LUX: What is the state of play for the luxury industry?
Michael Wainwright: Our business is less tied to the economy than you might think. We are more dependent on wealthier people who don’t lose their wealth overnight. My thinking these days, after years of economic crises, is fairly optimistic. The prognosis is pretty good for the luxury goods and jewellery sector. The world is a richer place than it has ever been and people will continue buying.
LUX: Boodles is the only significant British jeweller and one of the only family-owned ones anywhere. How important is that?
Michael Wainwright: Britishness is important to our business. British people like to deal with a British brand and our overseas clients love to deal with “Britishness”. British clients account for 75% of our business.

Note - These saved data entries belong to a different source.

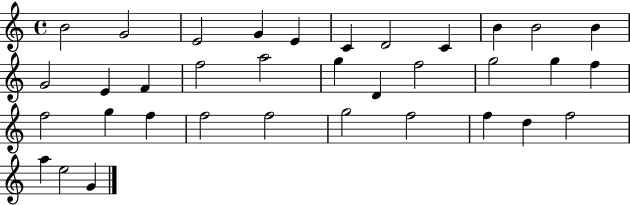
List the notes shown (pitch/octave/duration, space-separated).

B4/h G4/h E4/h G4/q E4/q C4/q D4/h C4/q B4/q B4/h B4/q G4/h E4/q F4/q F5/h A5/h G5/q D4/q F5/h G5/h G5/q F5/q F5/h G5/q F5/q F5/h F5/h G5/h F5/h F5/q D5/q F5/h A5/q E5/h G4/q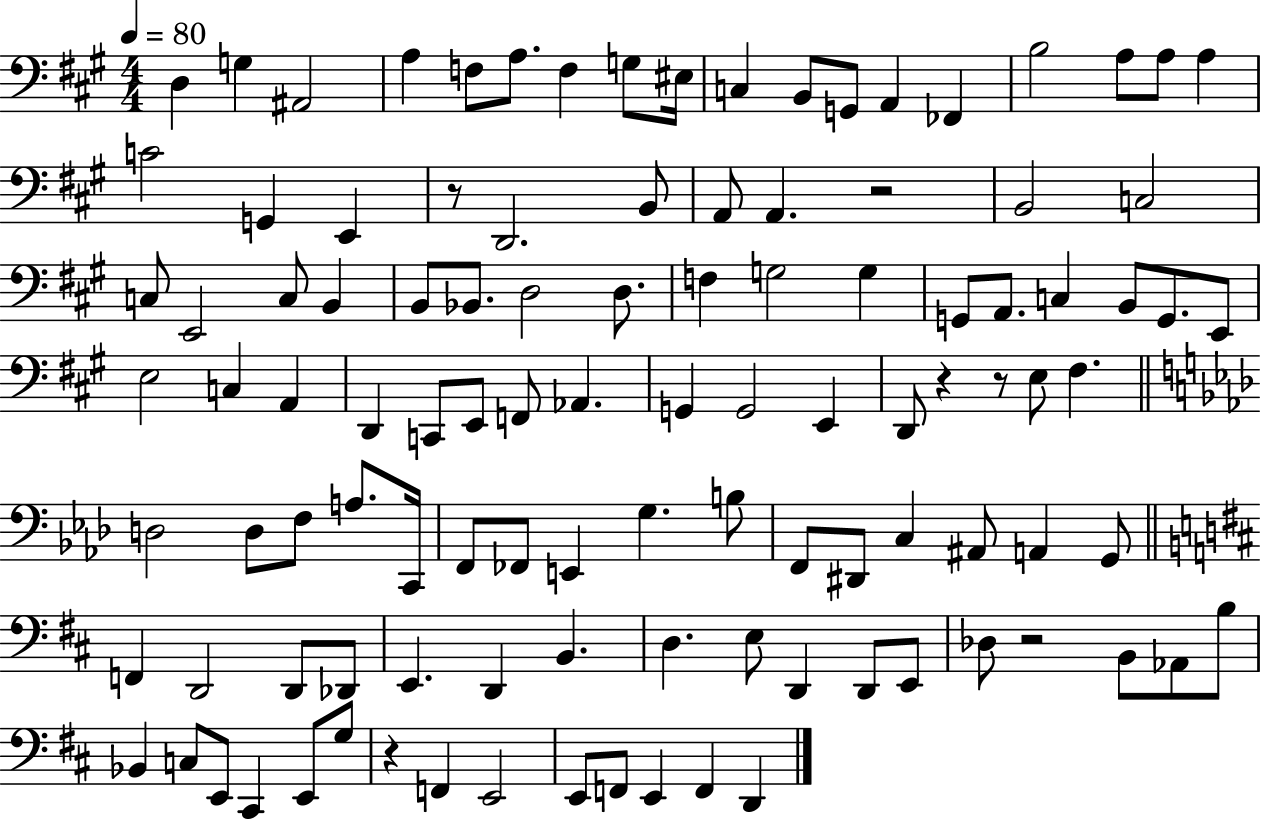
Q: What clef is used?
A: bass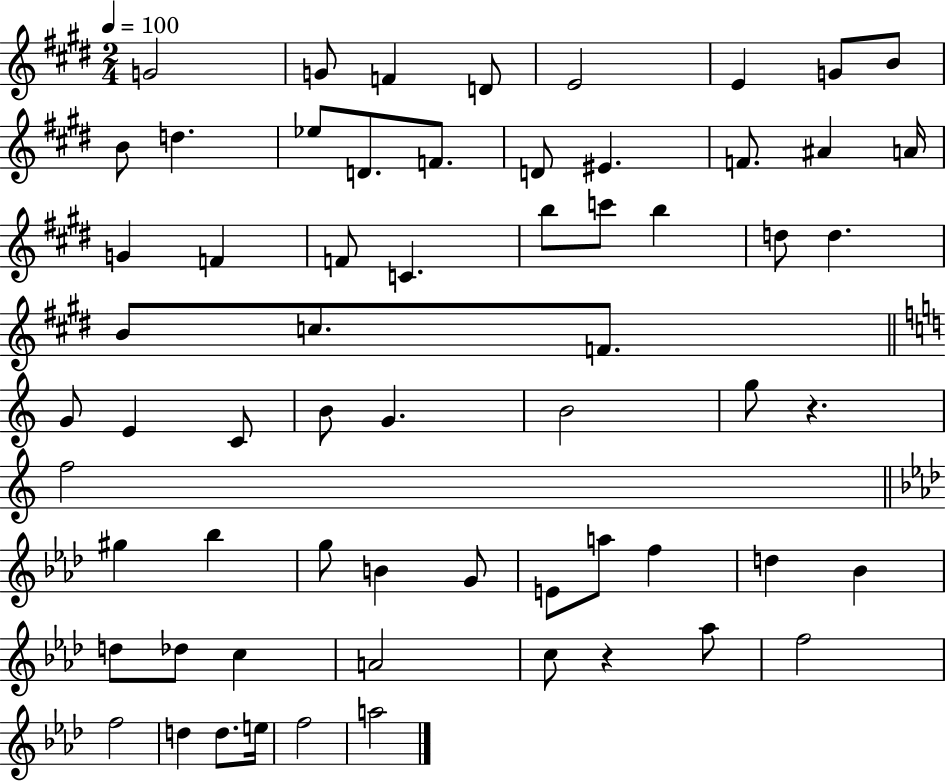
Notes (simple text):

G4/h G4/e F4/q D4/e E4/h E4/q G4/e B4/e B4/e D5/q. Eb5/e D4/e. F4/e. D4/e EIS4/q. F4/e. A#4/q A4/s G4/q F4/q F4/e C4/q. B5/e C6/e B5/q D5/e D5/q. B4/e C5/e. F4/e. G4/e E4/q C4/e B4/e G4/q. B4/h G5/e R/q. F5/h G#5/q Bb5/q G5/e B4/q G4/e E4/e A5/e F5/q D5/q Bb4/q D5/e Db5/e C5/q A4/h C5/e R/q Ab5/e F5/h F5/h D5/q D5/e. E5/s F5/h A5/h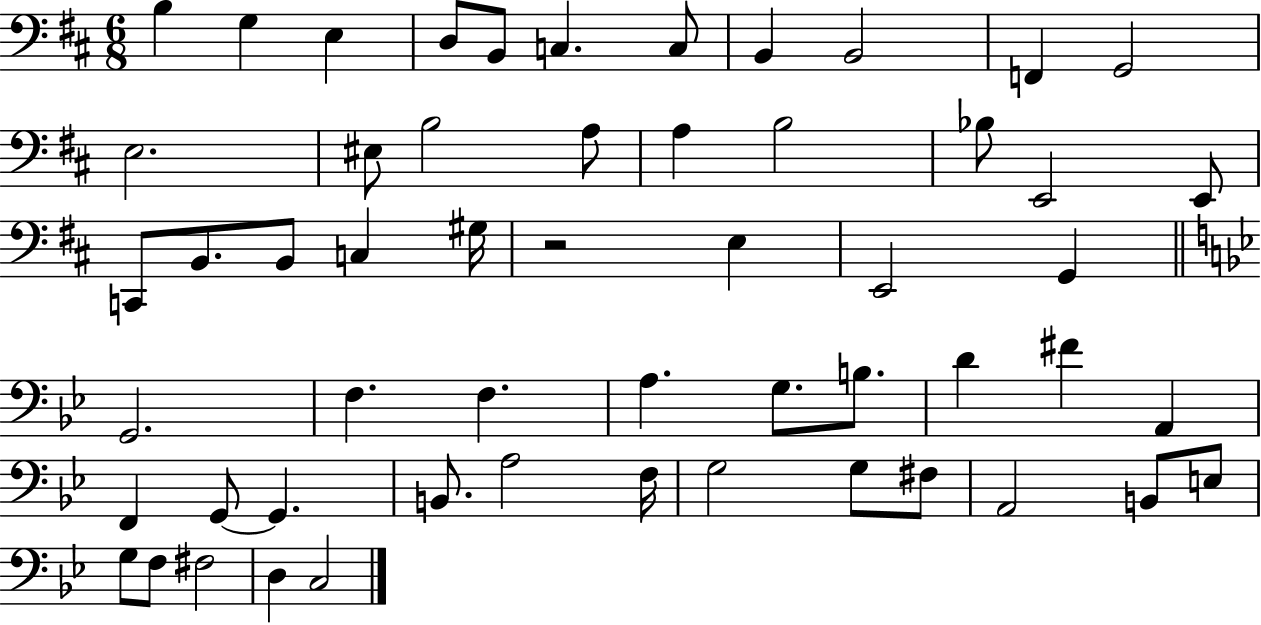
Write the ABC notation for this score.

X:1
T:Untitled
M:6/8
L:1/4
K:D
B, G, E, D,/2 B,,/2 C, C,/2 B,, B,,2 F,, G,,2 E,2 ^E,/2 B,2 A,/2 A, B,2 _B,/2 E,,2 E,,/2 C,,/2 B,,/2 B,,/2 C, ^G,/4 z2 E, E,,2 G,, G,,2 F, F, A, G,/2 B,/2 D ^F A,, F,, G,,/2 G,, B,,/2 A,2 F,/4 G,2 G,/2 ^F,/2 A,,2 B,,/2 E,/2 G,/2 F,/2 ^F,2 D, C,2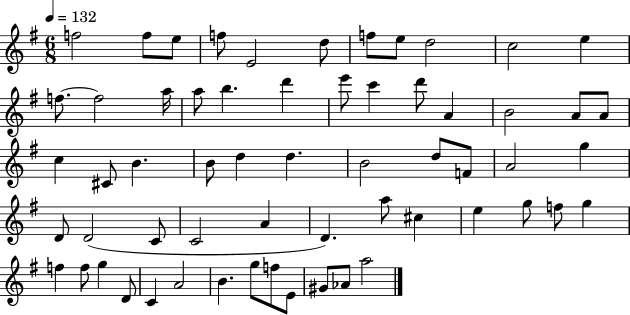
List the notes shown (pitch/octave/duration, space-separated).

F5/h F5/e E5/e F5/e E4/h D5/e F5/e E5/e D5/h C5/h E5/q F5/e. F5/h A5/s A5/e B5/q. D6/q E6/e C6/q D6/e A4/q B4/h A4/e A4/e C5/q C#4/e B4/q. B4/e D5/q D5/q. B4/h D5/e F4/e A4/h G5/q D4/e D4/h C4/e C4/h A4/q D4/q. A5/e C#5/q E5/q G5/e F5/e G5/q F5/q F5/e G5/q D4/e C4/q A4/h B4/q. G5/e F5/e E4/e G#4/e Ab4/e A5/h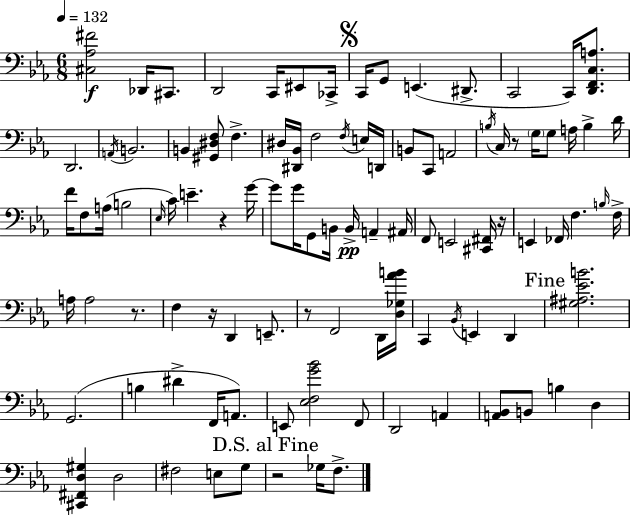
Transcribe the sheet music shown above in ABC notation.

X:1
T:Untitled
M:6/8
L:1/4
K:Eb
[^C,_A,^F]2 _D,,/4 ^C,,/2 D,,2 C,,/4 ^E,,/2 _C,,/4 C,,/4 G,,/2 E,, ^D,,/2 C,,2 C,,/4 [D,,F,,C,A,]/2 D,,2 A,,/4 B,,2 B,, [^G,,^D,F,]/2 F, ^D,/4 [^D,,_B,,]/4 F,2 F,/4 E,/4 D,,/4 B,,/2 C,,/2 A,,2 B,/4 C,/4 z/2 G,/4 G,/2 A,/4 B, D/4 F/4 F,/2 A,/4 B,2 _E,/4 C/4 E z G/4 G/2 G/4 G,,/2 B,,/4 B,,/4 A,, ^A,,/4 F,,/2 E,,2 [^C,,^F,,]/4 z/4 E,, _F,,/4 F, B,/4 F,/4 A,/4 A,2 z/2 F, z/4 D,, E,,/2 z/2 F,,2 D,,/4 [D,_G,_AB]/4 C,, _B,,/4 E,, D,, [^G,^A,_EB]2 G,,2 B, ^D F,,/4 A,,/2 E,,/2 [_E,F,G_B]2 F,,/2 D,,2 A,, [A,,_B,,]/2 B,,/2 B, D, [^C,,^F,,D,^G,] D,2 ^F,2 E,/2 G,/2 z2 _G,/4 F,/2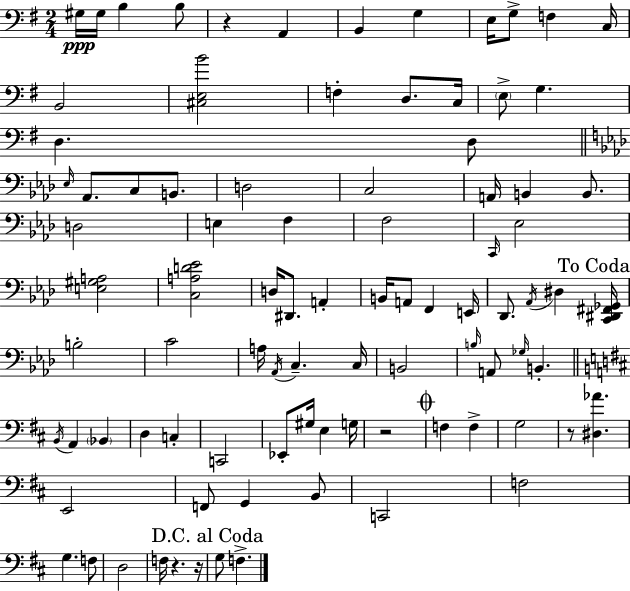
{
  \clef bass
  \numericTimeSignature
  \time 2/4
  \key e \minor
  \repeat volta 2 { gis16\ppp gis16 b4 b8 | r4 a,4 | b,4 g4 | e16 g8-> f4 c16 | \break b,2 | <cis e b'>2 | f4-. d8. c16 | \parenthesize e8-> g4. | \break d4. d8 | \bar "||" \break \key f \minor \grace { ees16 } aes,8. c8 b,8. | d2 | c2 | a,16 b,4 b,8. | \break d2 | e4 f4 | f2 | \grace { c,16 } ees2 | \break <e gis a>2 | <c a d' ees'>2 | d16 dis,8. a,4-. | b,16 a,8 f,4 | \break e,16 des,8. \acciaccatura { aes,16 } dis4 | \mark "To Coda" <c, dis, fis, ges,>16 b2-. | c'2 | a16 \acciaccatura { aes,16 } c4.-- | \break c16 b,2 | \grace { b16 } a,8 \grace { ges16 } | b,4.-. \bar "||" \break \key d \major \acciaccatura { b,16 } a,4 \parenthesize bes,4 | d4 c4-. | c,2 | ees,8-. gis16 e4 | \break g16 r2 | \mark \markup { \musicglyph "scripts.coda" } f4 f4-> | g2 | r8 <dis aes'>4. | \break e,2 | f,8 g,4 b,8 | c,2 | f2 | \break g4. f8 | d2 | f16 r4. | r16 \mark "D.C. al Coda" g8 f4.-> | \break } \bar "|."
}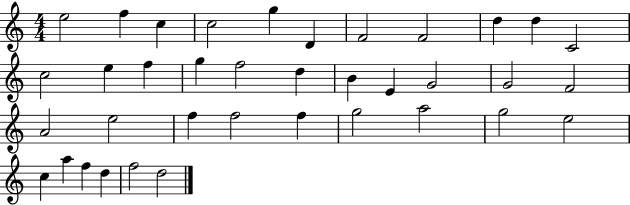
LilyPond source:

{
  \clef treble
  \numericTimeSignature
  \time 4/4
  \key c \major
  e''2 f''4 c''4 | c''2 g''4 d'4 | f'2 f'2 | d''4 d''4 c'2 | \break c''2 e''4 f''4 | g''4 f''2 d''4 | b'4 e'4 g'2 | g'2 f'2 | \break a'2 e''2 | f''4 f''2 f''4 | g''2 a''2 | g''2 e''2 | \break c''4 a''4 f''4 d''4 | f''2 d''2 | \bar "|."
}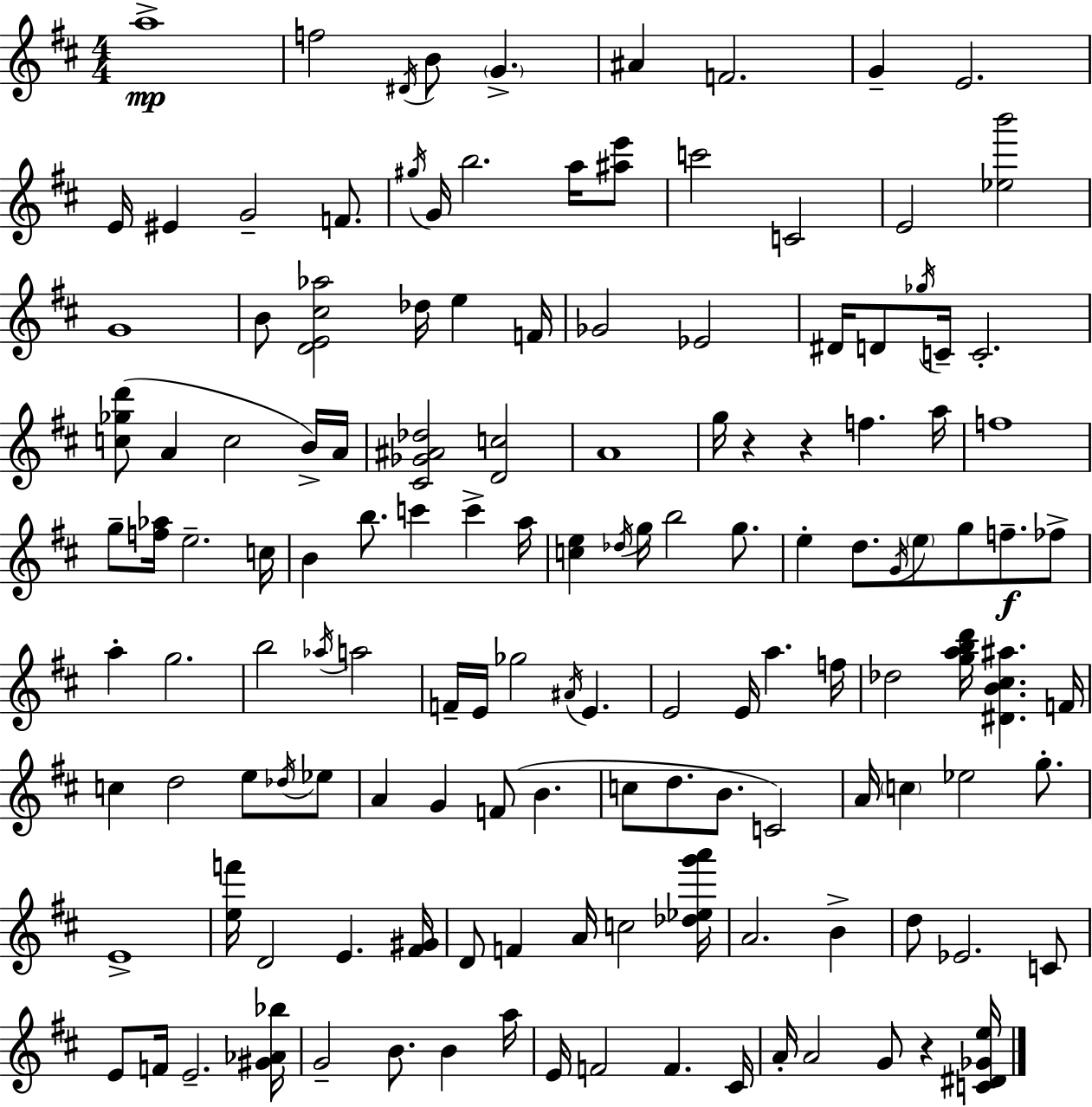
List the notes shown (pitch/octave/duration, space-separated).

A5/w F5/h D#4/s B4/e G4/q. A#4/q F4/h. G4/q E4/h. E4/s EIS4/q G4/h F4/e. G#5/s G4/s B5/h. A5/s [A#5,E6]/e C6/h C4/h E4/h [Eb5,B6]/h G4/w B4/e [D4,E4,C#5,Ab5]/h Db5/s E5/q F4/s Gb4/h Eb4/h D#4/s D4/e Gb5/s C4/s C4/h. [C5,Gb5,D6]/e A4/q C5/h B4/s A4/s [C#4,Gb4,A#4,Db5]/h [D4,C5]/h A4/w G5/s R/q R/q F5/q. A5/s F5/w G5/e [F5,Ab5]/s E5/h. C5/s B4/q B5/e. C6/q C6/q A5/s [C5,E5]/q Db5/s G5/s B5/h G5/e. E5/q D5/e. G4/s E5/e G5/e F5/e. FES5/e A5/q G5/h. B5/h Ab5/s A5/h F4/s E4/s Gb5/h A#4/s E4/q. E4/h E4/s A5/q. F5/s Db5/h [G5,A5,B5,D6]/s [D#4,B4,C#5,A#5]/q. F4/s C5/q D5/h E5/e Db5/s Eb5/e A4/q G4/q F4/e B4/q. C5/e D5/e. B4/e. C4/h A4/s C5/q Eb5/h G5/e. E4/w [E5,F6]/s D4/h E4/q. [F#4,G#4]/s D4/e F4/q A4/s C5/h [Db5,Eb5,G6,A6]/s A4/h. B4/q D5/e Eb4/h. C4/e E4/e F4/s E4/h. [G#4,Ab4,Bb5]/s G4/h B4/e. B4/q A5/s E4/s F4/h F4/q. C#4/s A4/s A4/h G4/e R/q [C4,D#4,Gb4,E5]/s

Telling the British story is important for us, and also the family story: we are a family business, and maybe we don’t tell that story enough.
LUX: Are there disadvantages to being British?
Michael Wainwright: There are disadvantages to not being overseas. Lots of brands have presence in Hong Kong, Dubai and Paris. Clients see their brand everywhere; it’s a huge head start. But now there are quite a few Middle Easterners looking for more localized niche brands, which is an advantage for us. They don’t want a brand that is in every mall in the Middle East. Asians still are more about following the herd, but that will change.
LUX: What are your views on e-commerce?
Michael Wainwright: Only one percent of our sales are e-commerce at the moment, which is not high, but it is growing fast. I think it has potential to reach four to five percent. Most people will want to experience the story, to touch and see things. Online is a very cheap sale, which is very profitable. But in a shop, you have the chance of making an add-on sale, you build a relationship. If a customer buys online, you may never see them again. It doesn’t build the brand experience. Relationships are absolutely fundamental to business.
LUX: What’s the greatest challenge you face?
Michael Wainwright: The Walpole Group (the British luxury association) recently noted there are two hurdles to growing a business: one at £20m (annual turnover) and one at £80-100m. We are now at the second hurdle, we are a £80m turnover business. We don’t feel we can build to the next stage just by being in the UK. We are very involved in our business as a family and we have not yet really learned the art of delegation, which is what is required if you are overseas. We would need to pick the right partners for, for example, opening in New York or the Middle East. We would need to acquire those skills of delegation. It’s an interesting stage. These are big hurdles.